▸ **Data extracts**
========

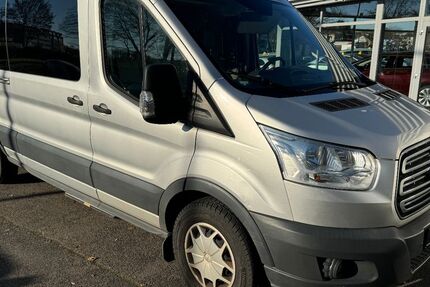 Ford Transit 211.000 km 17.950 &euro; Köln 51103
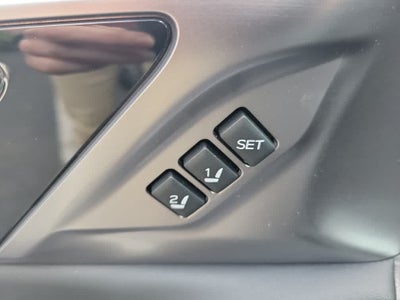 2024 Subaru Legacy Limited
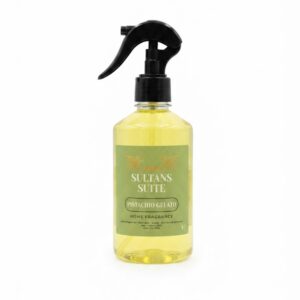 PISTACHIO GELATO ROOM SPRAY 320ML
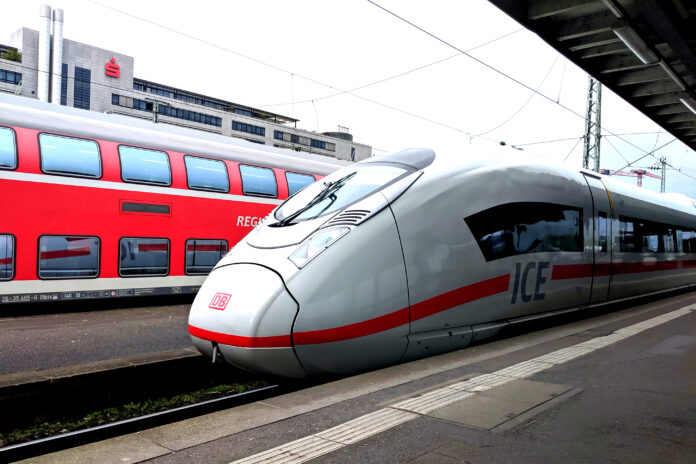 Doppelt-Punkten bei BahnBonus Sammeln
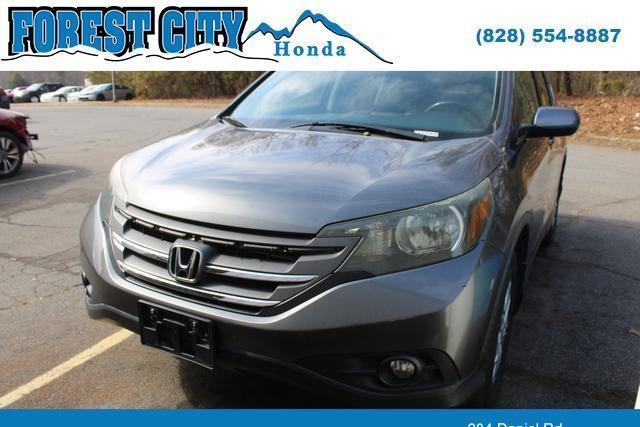 used 2013 Honda CR-V car, priced at $10,404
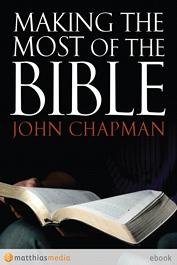 Making the Most of the Bible
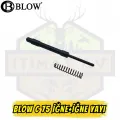 Blow C75 Kurusıkı Tabanca İğne ve İğne Yayı Seti - Orijinal Ateşleme Takımı
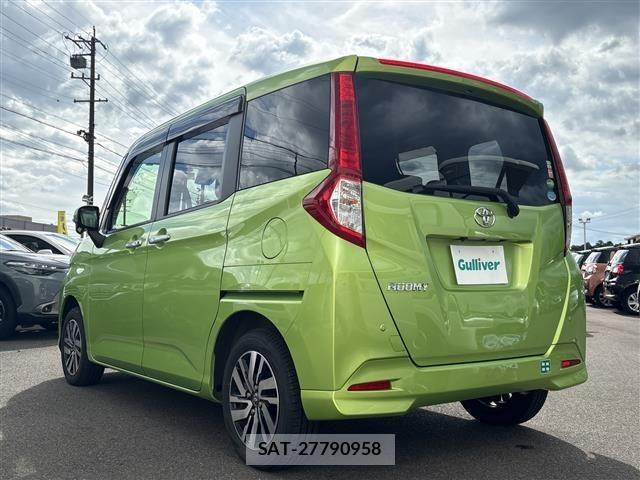 Toyota ROOMY 2017 8692413-13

========

▸ **Prompt**
With the pictures removed, write out exactly the lines from the line containing "Blow C75 Kurusıkı" through the last line of the material above, both included.

▸ **Solution to the problem**
 Blow C75 Kurusıkı Tabanca İğne ve İğne Yayı Seti - Orijinal Ateşleme Takımı
 Toyota ROOMY 2017 8692413-13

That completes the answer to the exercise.